We can all pitch in to reduce wasted food. Here are 10 simple tips to help you reduce food waste at the grocery store, at home, and during meals:
- Buy items only when you have a plan for using them. It’s tempting to buy all the produce thinking we’ll be a kitchen magician and use it all in time – but creating a plan will help you execute great meals without waste.
- Buy in bulk only when you know you’ll use it all. Buying more than we can realistically use can create more food waste – and wastes cash too.
- Buy funny-looking produce when you can. These items are perfectly good to eat, taste just as good (trust me) and buying them at a farmers market or store can help use up food that might otherwise be tossed.
- Make a list of what is about to go bad in your refrigerator, freezer, or pantry and plan upcoming meals around it.
- Have produce that’s past its prime? It may still be fine for cooking. Think soups, casseroles, stir fries, sauces, baked goods, pancakes or smoothies.
- Write down what you throw away. Information is power – you may find out that you throw away half a gallon of milk and you can buy the quart size next time.
Use the edible parts of food that you normally do not eat, if safe and healthy to do so. For example, stale bread can be used to make croutons, beet tops can be sautéed for a delicious side dish, and vegetable scraps can be made into stock.
Practice FIFO - First In, First Out. When unloading groceries, move older product to the front and put new product in the back.
Make it go further. Put soft fruit into a smoothie and wilting spinach into soup.
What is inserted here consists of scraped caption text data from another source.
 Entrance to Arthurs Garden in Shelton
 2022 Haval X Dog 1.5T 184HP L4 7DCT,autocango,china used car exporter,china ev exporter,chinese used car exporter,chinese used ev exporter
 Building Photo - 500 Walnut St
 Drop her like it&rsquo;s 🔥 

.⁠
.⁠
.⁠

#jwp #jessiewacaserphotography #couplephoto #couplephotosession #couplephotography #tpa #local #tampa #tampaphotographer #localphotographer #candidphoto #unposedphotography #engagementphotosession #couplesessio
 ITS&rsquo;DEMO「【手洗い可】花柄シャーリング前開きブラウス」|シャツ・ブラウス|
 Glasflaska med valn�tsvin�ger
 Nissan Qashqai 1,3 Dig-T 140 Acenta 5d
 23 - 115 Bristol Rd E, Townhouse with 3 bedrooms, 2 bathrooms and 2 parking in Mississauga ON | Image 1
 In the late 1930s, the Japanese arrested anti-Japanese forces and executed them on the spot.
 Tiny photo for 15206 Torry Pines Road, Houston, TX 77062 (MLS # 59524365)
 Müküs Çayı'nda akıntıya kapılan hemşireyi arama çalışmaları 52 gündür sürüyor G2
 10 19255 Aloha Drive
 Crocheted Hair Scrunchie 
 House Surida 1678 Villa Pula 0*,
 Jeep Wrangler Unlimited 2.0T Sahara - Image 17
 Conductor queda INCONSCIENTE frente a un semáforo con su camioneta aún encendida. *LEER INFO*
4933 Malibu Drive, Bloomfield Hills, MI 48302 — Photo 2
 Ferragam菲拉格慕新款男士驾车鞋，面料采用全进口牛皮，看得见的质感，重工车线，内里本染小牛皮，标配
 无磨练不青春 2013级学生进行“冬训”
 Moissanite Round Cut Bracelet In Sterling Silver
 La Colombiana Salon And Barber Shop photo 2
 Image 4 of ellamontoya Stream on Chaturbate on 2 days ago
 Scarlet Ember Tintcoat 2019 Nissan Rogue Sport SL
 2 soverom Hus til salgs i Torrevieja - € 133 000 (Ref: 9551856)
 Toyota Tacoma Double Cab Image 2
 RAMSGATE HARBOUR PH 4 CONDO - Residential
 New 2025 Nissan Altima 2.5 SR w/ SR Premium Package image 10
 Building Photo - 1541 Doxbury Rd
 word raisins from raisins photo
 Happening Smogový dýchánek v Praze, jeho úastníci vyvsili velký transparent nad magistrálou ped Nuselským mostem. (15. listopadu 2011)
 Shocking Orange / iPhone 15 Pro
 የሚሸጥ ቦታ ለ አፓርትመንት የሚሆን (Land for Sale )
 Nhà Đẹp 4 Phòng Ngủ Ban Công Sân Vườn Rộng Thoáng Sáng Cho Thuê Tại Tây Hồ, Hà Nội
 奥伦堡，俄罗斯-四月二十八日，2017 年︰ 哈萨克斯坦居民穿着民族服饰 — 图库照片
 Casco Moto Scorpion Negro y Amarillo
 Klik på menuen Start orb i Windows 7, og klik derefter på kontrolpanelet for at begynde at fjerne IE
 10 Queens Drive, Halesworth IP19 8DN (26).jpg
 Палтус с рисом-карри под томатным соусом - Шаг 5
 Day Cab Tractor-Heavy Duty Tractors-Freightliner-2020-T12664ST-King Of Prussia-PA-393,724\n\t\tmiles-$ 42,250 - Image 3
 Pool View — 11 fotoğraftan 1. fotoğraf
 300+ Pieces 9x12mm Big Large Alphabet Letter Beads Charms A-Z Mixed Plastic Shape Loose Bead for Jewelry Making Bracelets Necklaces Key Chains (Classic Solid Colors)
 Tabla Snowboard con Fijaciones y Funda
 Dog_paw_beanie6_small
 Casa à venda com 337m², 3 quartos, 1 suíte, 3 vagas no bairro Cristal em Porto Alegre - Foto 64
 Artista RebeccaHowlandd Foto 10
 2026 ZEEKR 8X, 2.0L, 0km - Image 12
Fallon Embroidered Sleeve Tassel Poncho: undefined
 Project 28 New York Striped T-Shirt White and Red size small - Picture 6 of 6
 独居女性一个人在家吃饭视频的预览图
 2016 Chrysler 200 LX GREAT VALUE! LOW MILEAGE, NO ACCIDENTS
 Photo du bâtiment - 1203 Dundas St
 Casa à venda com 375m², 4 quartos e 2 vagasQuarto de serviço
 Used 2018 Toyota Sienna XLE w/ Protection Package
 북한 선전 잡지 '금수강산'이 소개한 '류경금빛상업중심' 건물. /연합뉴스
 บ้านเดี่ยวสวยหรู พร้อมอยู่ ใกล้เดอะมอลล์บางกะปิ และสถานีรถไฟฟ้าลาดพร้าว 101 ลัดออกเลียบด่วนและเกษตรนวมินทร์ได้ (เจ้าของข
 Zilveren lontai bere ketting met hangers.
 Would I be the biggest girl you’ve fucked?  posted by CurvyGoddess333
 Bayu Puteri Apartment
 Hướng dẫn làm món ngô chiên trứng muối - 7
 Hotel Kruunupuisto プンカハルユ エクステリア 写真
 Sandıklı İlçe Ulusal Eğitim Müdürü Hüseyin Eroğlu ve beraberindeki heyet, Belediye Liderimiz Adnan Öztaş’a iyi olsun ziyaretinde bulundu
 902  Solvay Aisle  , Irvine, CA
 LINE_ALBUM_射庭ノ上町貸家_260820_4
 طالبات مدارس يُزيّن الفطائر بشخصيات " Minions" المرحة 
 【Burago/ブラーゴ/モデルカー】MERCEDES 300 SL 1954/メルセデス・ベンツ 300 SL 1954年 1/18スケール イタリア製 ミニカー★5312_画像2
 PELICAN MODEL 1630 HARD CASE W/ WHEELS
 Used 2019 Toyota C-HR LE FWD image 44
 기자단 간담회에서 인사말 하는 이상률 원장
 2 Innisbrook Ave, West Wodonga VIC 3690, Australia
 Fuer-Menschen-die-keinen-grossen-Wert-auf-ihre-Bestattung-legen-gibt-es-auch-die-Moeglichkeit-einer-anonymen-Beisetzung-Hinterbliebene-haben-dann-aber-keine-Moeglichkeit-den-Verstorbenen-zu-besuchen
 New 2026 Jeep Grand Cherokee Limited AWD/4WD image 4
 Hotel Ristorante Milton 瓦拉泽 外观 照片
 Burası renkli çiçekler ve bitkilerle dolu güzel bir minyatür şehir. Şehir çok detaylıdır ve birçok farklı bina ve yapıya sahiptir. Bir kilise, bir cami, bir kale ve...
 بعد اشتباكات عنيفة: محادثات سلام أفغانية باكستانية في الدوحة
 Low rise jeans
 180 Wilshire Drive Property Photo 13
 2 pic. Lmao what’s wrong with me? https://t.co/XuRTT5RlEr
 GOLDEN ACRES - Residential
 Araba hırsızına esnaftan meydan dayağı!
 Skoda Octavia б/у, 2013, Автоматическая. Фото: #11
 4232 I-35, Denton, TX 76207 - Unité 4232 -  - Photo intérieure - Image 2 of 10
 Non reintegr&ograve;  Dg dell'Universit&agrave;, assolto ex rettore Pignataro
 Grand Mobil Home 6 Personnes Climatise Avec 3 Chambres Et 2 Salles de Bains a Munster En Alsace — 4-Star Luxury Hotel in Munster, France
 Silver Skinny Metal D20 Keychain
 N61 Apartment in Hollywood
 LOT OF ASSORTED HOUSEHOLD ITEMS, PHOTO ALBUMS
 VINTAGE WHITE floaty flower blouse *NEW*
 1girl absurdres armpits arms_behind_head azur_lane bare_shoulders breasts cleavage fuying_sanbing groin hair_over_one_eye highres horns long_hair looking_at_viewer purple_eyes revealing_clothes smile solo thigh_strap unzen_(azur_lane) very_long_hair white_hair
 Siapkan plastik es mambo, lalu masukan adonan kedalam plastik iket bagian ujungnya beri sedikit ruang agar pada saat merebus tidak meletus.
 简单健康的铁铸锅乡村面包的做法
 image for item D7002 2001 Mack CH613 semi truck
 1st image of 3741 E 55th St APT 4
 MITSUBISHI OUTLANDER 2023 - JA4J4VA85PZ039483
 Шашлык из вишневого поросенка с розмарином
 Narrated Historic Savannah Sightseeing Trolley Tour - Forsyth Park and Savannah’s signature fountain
Understand expiration dates. They often don’t have to do with food safety but food quality. For more on this, watch our Expiration Dates Health Hack video.
You can use strawberries slightly past their prime for this strawberry shrub. Add to club soda with a spring of mint for a refreshing spring spritzer.
1 cup water
1 cup sugar
2 cups sliced strawberries
White wine vinegar
- In a medium saucepan over low heat, combine water and sugar and stir until sugar is dissolved.
- Add strawberries and cook for 15 minutes, stirring occasionally.
- Remove from heat and rest for a few minutes, until it is ok to handle. Strain, reserving liquid, pressing the berries gently into the strainer to extract more juice.
- Measure the resulting liquid and add half again as much white wine vinegar. (If yield is 8oz, add 4oz vinegar). Store in the refrigerator, ideally for two weeks prior to usage.